In a more traditional journal review process, there is an editor-in-chief and maybe subeditors (associate editors or section editors) who are tasked with oversight of peer review. The levels present on an editorial board vary depending on the size of the journal and the discipline.  In many cases that I am aware of, journals staff also review every decision letter before it goes out to the authors.

I have always expected that the editorial coordinators on my team will take a close look at the reviewer comments before sending them to the author. The coordinators should look for whether the reviewer has accidentally identified themselves (which may or may not be a problem depending on your peer review policy), that the review appears to be for the correct paper (mistakes like this happen all too often), that the reviewer isn’t requesting that the author cite the entire publishing history of the reviewer, and that inflammatory language is never included. There are a dozen reasons that a coordinator could miss comments such as were made in the PLOS ONE review– being interrupted by an author calling for an update on her paper, trying to catch up on decisions that stacked up during a vacation day, not being on the top of one’s game when skimming through dozens of reviews that are technical in nature, etc.

This recent incident at PLOS ONE has afforded us a teaching moment.

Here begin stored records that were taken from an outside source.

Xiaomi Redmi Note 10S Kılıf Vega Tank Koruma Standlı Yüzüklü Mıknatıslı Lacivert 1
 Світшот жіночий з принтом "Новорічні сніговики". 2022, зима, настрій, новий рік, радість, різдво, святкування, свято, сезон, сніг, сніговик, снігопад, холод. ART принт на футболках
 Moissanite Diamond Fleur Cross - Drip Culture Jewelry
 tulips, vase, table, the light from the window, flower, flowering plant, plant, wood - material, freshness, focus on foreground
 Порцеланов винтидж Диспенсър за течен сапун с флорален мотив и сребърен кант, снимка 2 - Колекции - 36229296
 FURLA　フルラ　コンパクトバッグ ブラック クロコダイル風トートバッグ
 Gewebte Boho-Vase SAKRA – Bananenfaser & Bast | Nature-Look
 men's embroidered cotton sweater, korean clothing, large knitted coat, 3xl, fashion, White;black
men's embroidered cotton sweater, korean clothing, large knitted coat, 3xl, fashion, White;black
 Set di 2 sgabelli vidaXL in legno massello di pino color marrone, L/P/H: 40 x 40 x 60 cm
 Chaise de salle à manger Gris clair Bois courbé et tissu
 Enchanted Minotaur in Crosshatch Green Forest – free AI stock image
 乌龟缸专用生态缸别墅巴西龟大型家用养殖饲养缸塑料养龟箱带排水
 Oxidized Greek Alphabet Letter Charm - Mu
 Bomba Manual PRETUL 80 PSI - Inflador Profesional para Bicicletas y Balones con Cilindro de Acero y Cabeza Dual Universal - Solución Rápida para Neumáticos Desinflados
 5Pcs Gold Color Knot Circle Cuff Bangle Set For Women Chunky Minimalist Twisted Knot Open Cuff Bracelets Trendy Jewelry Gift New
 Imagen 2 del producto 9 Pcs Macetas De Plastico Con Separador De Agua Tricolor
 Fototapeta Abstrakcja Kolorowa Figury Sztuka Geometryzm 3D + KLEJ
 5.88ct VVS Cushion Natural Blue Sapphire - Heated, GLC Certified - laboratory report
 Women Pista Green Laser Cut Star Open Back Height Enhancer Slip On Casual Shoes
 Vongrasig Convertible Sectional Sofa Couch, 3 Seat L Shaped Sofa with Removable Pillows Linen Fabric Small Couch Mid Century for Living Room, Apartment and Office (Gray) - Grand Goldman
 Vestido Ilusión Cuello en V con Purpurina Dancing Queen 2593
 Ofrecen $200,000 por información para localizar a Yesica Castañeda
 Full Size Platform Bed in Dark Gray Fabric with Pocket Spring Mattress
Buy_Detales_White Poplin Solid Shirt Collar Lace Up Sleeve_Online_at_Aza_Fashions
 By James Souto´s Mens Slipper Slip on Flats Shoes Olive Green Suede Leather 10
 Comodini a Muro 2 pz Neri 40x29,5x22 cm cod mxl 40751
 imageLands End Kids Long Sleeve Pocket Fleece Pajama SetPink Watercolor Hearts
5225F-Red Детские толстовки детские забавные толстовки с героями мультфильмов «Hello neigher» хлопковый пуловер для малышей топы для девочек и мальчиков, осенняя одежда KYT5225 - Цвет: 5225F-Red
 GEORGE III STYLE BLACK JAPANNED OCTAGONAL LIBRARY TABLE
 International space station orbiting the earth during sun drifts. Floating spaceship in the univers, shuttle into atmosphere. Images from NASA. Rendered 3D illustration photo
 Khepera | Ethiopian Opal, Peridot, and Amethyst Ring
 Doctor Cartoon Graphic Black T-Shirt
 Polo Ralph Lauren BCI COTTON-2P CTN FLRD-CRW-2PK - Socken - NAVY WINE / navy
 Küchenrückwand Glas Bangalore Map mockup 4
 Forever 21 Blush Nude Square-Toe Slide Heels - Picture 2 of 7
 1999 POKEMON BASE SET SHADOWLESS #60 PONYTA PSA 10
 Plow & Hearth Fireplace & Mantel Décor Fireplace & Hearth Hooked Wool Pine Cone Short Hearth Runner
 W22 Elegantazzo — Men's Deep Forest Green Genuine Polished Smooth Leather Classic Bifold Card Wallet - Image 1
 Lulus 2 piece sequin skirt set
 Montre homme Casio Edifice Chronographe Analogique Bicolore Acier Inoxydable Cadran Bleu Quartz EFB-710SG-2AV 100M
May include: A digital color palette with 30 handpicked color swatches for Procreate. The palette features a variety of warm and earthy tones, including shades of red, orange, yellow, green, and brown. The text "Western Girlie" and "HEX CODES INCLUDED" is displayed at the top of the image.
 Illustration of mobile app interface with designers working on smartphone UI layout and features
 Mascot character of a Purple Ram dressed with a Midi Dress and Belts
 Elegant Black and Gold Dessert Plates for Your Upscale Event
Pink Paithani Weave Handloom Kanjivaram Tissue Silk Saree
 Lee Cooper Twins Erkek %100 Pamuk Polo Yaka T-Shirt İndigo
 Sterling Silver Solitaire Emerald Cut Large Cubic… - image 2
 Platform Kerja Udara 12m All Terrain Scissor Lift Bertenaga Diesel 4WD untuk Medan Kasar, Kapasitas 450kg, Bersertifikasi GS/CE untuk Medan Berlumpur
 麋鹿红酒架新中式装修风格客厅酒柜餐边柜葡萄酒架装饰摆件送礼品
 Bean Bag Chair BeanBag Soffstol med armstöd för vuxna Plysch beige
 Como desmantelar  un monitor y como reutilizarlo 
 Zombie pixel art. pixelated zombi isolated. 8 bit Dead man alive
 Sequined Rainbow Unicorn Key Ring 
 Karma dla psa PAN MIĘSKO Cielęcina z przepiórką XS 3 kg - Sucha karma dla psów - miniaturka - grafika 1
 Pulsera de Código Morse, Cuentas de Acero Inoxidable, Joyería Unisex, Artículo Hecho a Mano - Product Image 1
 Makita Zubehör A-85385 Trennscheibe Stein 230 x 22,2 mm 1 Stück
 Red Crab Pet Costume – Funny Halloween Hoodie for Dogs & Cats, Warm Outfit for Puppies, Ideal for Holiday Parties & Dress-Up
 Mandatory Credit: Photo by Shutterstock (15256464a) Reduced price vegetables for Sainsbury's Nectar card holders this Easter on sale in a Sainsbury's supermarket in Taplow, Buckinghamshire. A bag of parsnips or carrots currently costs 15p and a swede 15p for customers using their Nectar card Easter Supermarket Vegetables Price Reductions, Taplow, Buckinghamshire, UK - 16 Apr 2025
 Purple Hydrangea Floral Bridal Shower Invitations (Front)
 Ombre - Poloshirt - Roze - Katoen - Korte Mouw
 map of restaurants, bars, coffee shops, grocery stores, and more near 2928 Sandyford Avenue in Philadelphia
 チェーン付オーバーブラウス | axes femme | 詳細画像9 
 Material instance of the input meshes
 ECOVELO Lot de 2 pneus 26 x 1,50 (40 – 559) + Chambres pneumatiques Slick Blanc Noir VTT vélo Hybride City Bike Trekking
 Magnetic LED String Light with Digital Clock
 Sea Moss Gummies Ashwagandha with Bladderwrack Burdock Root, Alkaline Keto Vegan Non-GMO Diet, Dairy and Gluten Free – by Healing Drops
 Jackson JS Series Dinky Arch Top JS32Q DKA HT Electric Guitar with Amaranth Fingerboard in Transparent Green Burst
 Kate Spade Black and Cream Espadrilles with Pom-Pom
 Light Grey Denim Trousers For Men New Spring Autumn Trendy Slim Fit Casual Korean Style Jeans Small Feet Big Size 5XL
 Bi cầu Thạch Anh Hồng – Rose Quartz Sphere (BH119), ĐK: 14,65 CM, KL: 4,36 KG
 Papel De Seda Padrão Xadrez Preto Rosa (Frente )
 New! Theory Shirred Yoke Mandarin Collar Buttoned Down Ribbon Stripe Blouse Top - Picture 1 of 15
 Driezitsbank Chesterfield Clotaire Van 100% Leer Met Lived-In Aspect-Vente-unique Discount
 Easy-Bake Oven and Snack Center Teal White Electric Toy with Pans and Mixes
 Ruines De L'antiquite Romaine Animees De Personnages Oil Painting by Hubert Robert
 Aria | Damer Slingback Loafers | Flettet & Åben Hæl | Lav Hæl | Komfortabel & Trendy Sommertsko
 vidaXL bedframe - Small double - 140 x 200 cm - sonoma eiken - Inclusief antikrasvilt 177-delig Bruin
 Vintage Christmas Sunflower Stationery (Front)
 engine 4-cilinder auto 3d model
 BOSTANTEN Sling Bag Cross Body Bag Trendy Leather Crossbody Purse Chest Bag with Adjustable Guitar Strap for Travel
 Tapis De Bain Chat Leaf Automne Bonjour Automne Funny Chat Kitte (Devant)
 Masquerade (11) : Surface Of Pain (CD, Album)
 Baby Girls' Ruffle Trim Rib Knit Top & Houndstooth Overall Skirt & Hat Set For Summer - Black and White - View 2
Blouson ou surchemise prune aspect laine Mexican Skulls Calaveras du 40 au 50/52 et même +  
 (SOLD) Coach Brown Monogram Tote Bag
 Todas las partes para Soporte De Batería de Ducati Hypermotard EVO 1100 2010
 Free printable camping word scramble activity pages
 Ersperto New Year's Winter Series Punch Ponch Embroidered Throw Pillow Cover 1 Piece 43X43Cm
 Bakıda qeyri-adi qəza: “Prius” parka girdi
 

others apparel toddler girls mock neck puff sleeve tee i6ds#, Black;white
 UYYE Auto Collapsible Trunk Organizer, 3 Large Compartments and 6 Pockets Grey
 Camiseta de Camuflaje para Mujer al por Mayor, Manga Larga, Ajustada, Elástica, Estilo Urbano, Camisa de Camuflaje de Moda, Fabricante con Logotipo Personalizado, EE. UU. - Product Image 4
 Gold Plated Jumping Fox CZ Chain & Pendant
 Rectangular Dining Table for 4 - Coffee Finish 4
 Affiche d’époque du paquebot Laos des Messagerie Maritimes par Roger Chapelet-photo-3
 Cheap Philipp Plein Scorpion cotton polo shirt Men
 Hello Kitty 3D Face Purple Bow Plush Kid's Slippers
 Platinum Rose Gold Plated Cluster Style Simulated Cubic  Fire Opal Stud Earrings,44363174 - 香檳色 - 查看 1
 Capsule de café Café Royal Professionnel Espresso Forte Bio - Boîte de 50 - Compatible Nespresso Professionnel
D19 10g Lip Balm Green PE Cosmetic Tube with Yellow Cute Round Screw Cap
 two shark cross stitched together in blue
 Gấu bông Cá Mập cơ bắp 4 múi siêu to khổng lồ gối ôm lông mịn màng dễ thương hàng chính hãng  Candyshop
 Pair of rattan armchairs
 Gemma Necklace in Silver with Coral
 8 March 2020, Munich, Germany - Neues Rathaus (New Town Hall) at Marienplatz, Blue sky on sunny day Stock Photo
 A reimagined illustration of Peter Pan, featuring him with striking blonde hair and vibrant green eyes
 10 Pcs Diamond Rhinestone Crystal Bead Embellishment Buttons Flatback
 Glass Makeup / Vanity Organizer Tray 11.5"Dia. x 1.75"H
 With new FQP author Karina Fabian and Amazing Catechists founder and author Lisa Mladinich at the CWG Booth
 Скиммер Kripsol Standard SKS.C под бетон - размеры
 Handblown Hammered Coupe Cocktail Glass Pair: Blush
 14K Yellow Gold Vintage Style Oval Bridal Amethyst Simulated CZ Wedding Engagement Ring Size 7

The scholarly publication process is a human process. People make mistakes, people say dumb things and some people are just jerks. As journal publishers and journal editors, we have a responsibility to protect our authors from the jerks. To be clear, it is okay to tell an author that the paper has serious problems. It is not okay to tell the authors that their fatal flaw is their gender.

As publishers, we also have a responsibility to correct these mistakes, as I believe PLOS ONE has done, albeit a bit slower than the authors may have liked. The authors took their complaints to Twitter after having not gotten a satisfactory response to their appeal request within three weeks. I can’t imagine what took so long. The social media storm that ensued moved things along and PLOS then dismissed the reviewer and removed the review from the system. The “academic editor” who handled the paper has been asked to step down and the paper is being given a new review. All of these individuals remain unidentified.

Issues facing women in academia and scholarly publishing are sadly a reality. Much of the gender bias in the publishing side could be eliminated by diversifying editorial boards, diversifying reviewer pools, zero-tolerance policies against gender bias in review, and review processes that protect authors from unfair treatment (going totally dark with double-blind review or shedding light on all participants with open review).

Journals have witnessed a series of peer review crimes lately—faked reviews, made up papers, papers authored by Maggie Simpson. While these incidents are serious and a black mark on the journal peer review process, they represent clear cut, black and white issues. Gender discrimination in academia and society at large is far more insidious and harder to root out. Hopefully some good will come out of this incident and the resulting raised awareness for editors and reviewers will lead to greater care and scrutiny in the future.